In the House of Life, in the Abzu, how to fashion the Being Enki to Ninmah was explaining.

To a place among the trees Ninmah he directed, a place of cages it was.

In the cages there were odd creatures, their likes in the wild no one had seen:

Foreparts of one kind they had, hindparts of another creature they possessed;

Creatures of two kinds by their essences combined to Ninmah Enki was showing!

To the House of Life they returned, to a clean place with brightness shining they led her.

In the clean place Ningishzidda to Ninmah the life-essence secrets was explaining,

How the essence from two kinds combined can be, he to her was showing.

The creatures in the tree cages are too odd, monstrous they are! Ninmah was saying.

Indeed so! Enki responded. To attain perfection, for that you are needed!

How the essences to combine, how much of this, how much of that to put together,

In which womb conception to begin, in which womb should the birth be given?

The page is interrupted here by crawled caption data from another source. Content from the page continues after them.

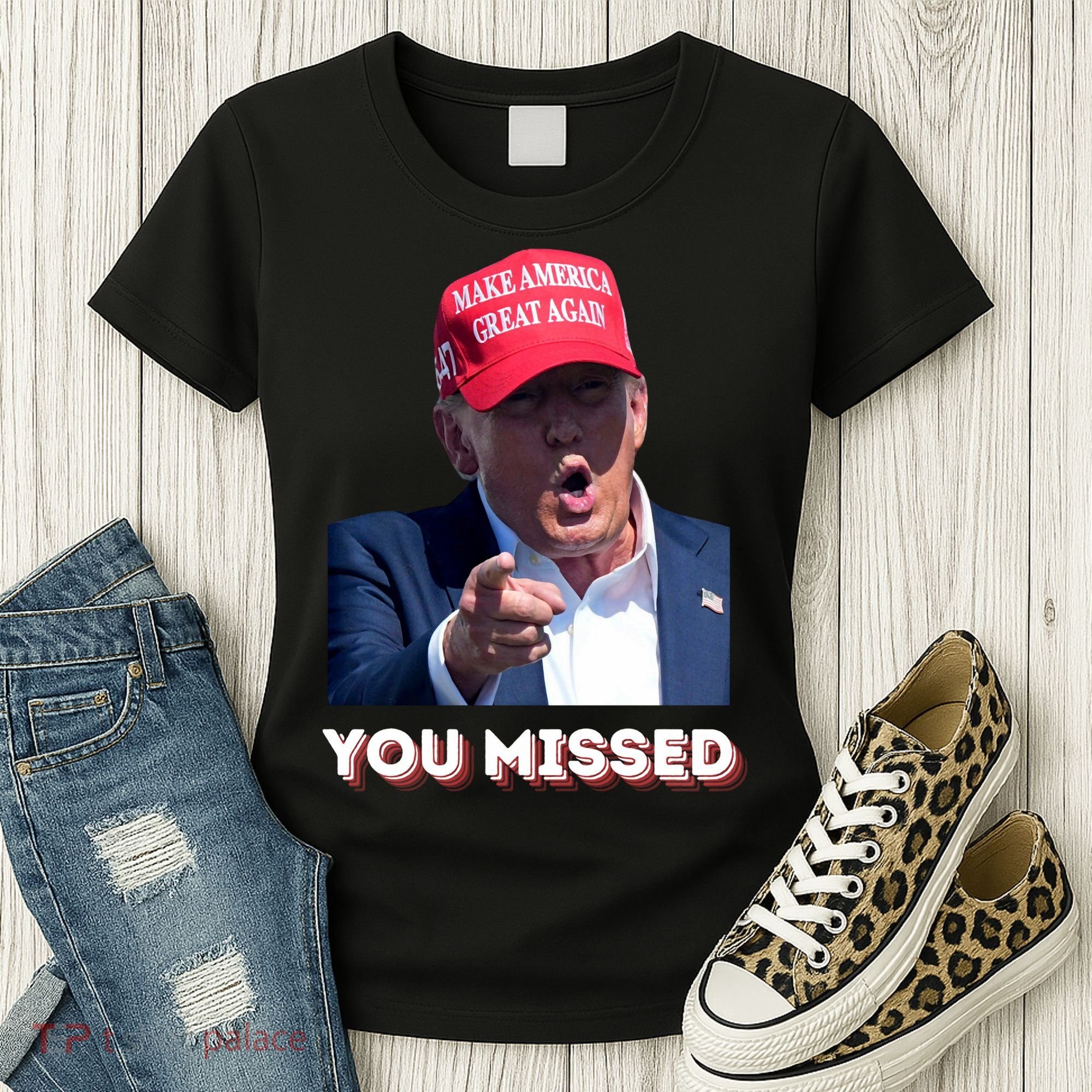 You Missed ! Funny American President Women's T-Shirt
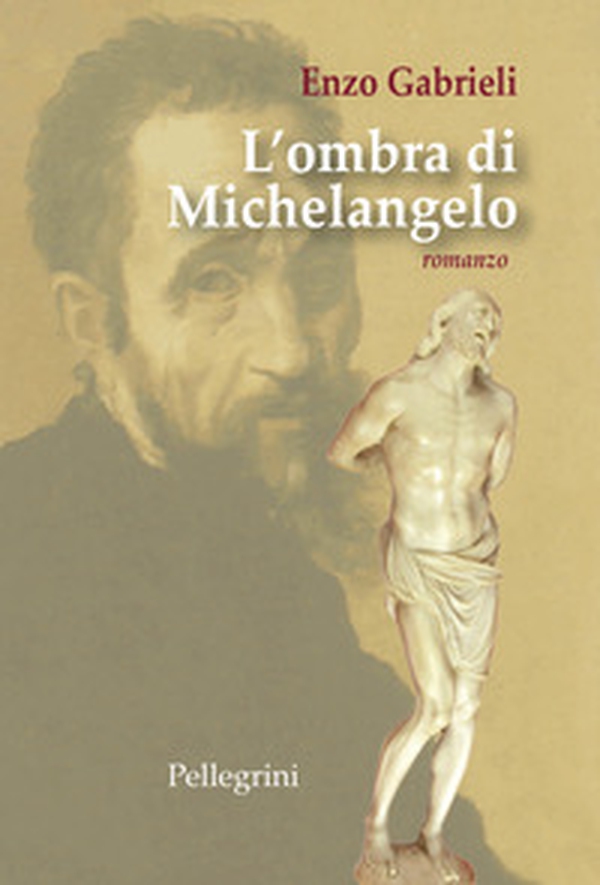 L'ombra di Michelangelo - Librerie.coop L'ombra di Michelangelo - Librerie.coop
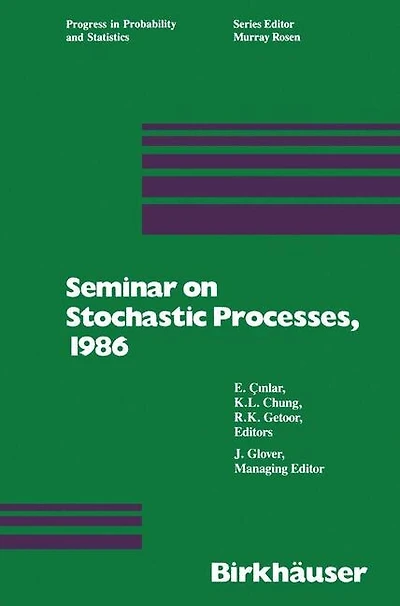 Seminar on Stochastic Processes, 1986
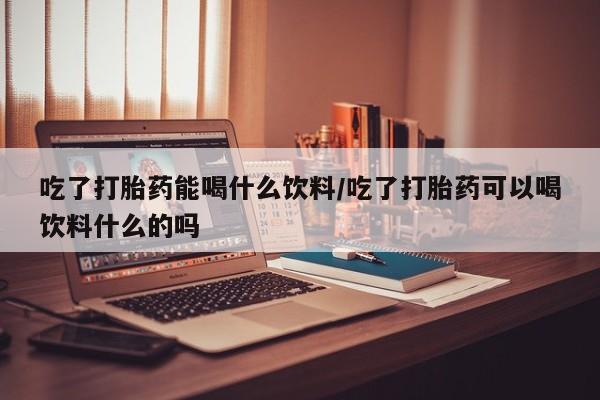 米非米索官方旗舰店吃了打胎药能喝什么饮料/吃了打胎药可以喝饮料什么的吗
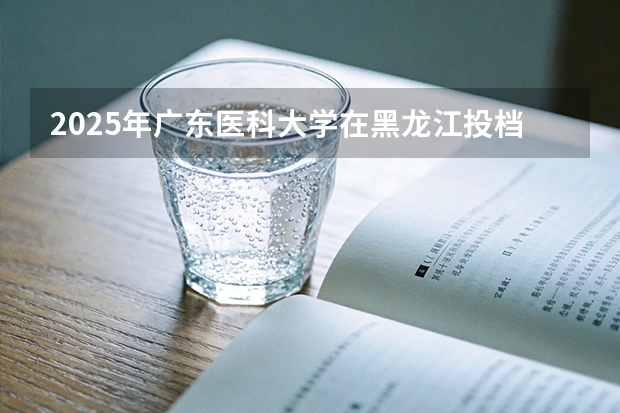 2025年广东医科大学在黑龙江投档分数线（2026年参考）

For that your succor and healing understanding are needed;

The understanding of one who gave birth, who a mother is, is required!

A smile on the face of Ninmah was; the two daughters that by Enki she mothered she well remembered.

With Ningishzidda she surveyed the sacred formulas that on ME’s were secreted, how this and that were done of him she inquired.

The creatures in the tree cages she examined, the two-legged creatures she contemplated.

By a male inseminating a female are the essences transmitted,

The two entwined strands separate and combine an offspring to fashion.

Let a male Anunnaki a two-legged female impregnate, let a combination offspring be born! Thus did Ninmah say.

That we have tried, with failures it resulted! to her Enki responded.

There was no conceiving, there was no birth!

Now this is the account of how the Primitive Worker was created,

How Enki and Ninmah, with Ningishzidda assisting, the Being fashioned.

Another way the admixture of essences to attain must be tried, Ninmah was saying.

How the two strands of essences to combine another way must be found,

That which from the Earth is the portion must not be harmed.

To receive our essence in graduations it must be shaped,

From the ME formulas of Nibiru’s essence only bit by bit could be attempted!

In a crystal vessel Ninmah an admixture was preparing, the oval of a female two-legged she gently placed,

With ME Anunnaki seed containing, she the oval impregnated;

That oval back into the womb of the two-legged female she inserted.

This time there was conceiving, a birth was indeed forthcoming!

The allotted time for birth-giving the leaders awaited, with anxious hearts they results were seeking.

The allotted time arrived, there was no birth-giving!

In desperation Ninmah a cutting made, that which was conceived with tongs she drew out. A living being it was!

With glee Enki Shouted. We attained! Ningishzidda with joy cried out.

In her hands Ninmah the newborn held, with joy she was not filled:

Shaggy with hair all over was the newborn, his foreparts like of the Earth creatures were,

His hindparts to those of the Anunnaki more akin they were.

They let the two-legged female the newborn nurse, with her milk him to suckle.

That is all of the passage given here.